**COLLECTED MATERIAL:**
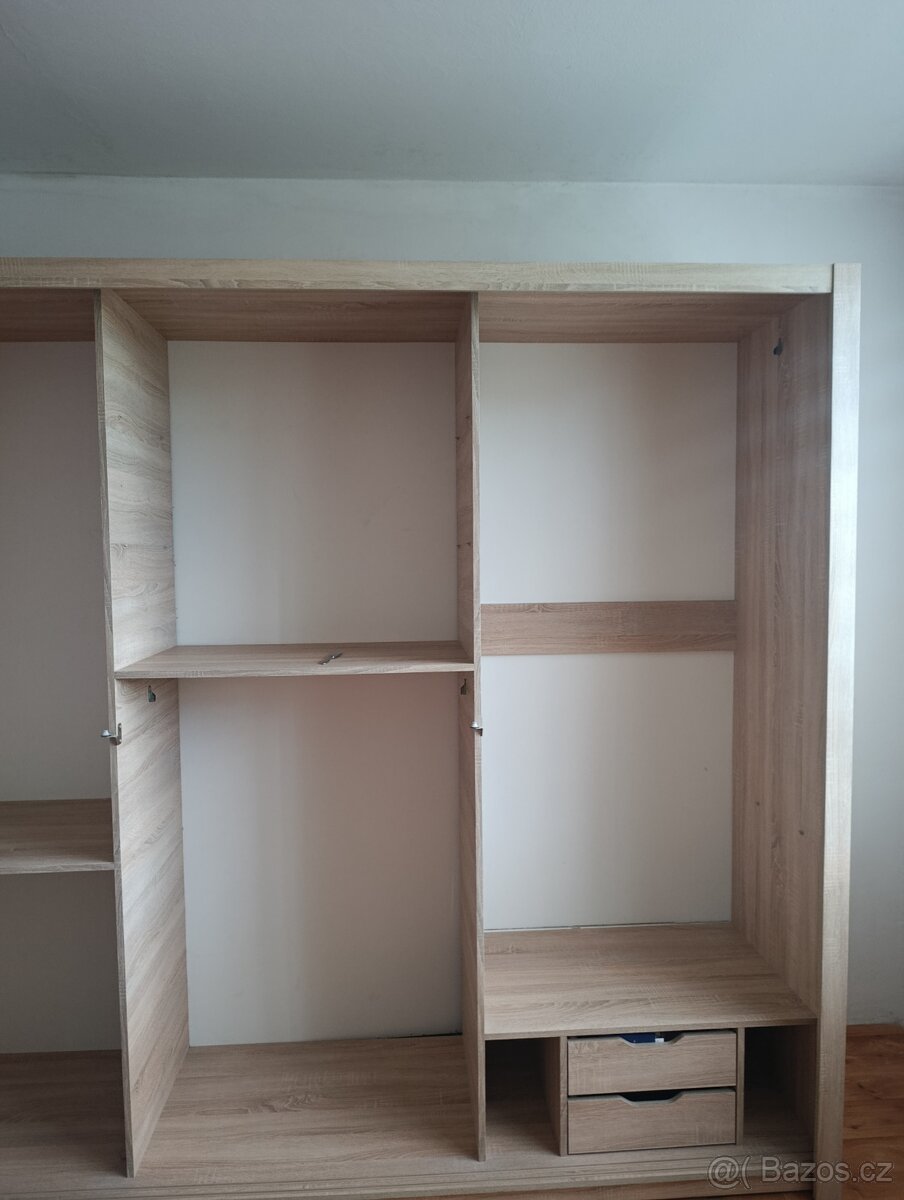 šatní skříň - 5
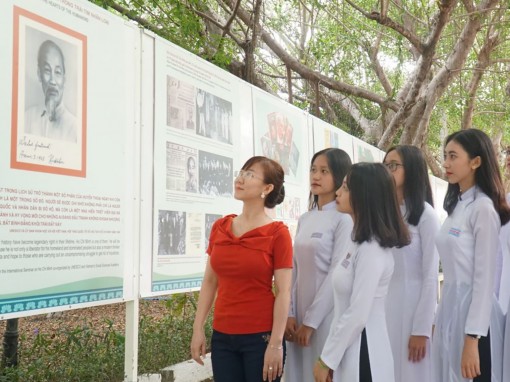 Nhiều hoạt động kỷ niệm

Ngày sinh Chủ tịch Hồ Chí Minh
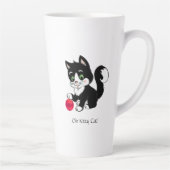 Tasse Latte Joli tuxedo noir & blanc chat chaton avec balle ro (Droite)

**PROBLEM REQUIREMENTS:**
All of the listing should be transcribed exactly, but none of its images.

**ANSWER BELOW:**
 šatní skříň - 5
 Nhiều hoạt động kỷ niệm

Ngày sinh Chủ tịch Hồ Chí Minh
 Tasse Latte Joli tuxedo noir & blanc chat chaton avec balle ro (Droite)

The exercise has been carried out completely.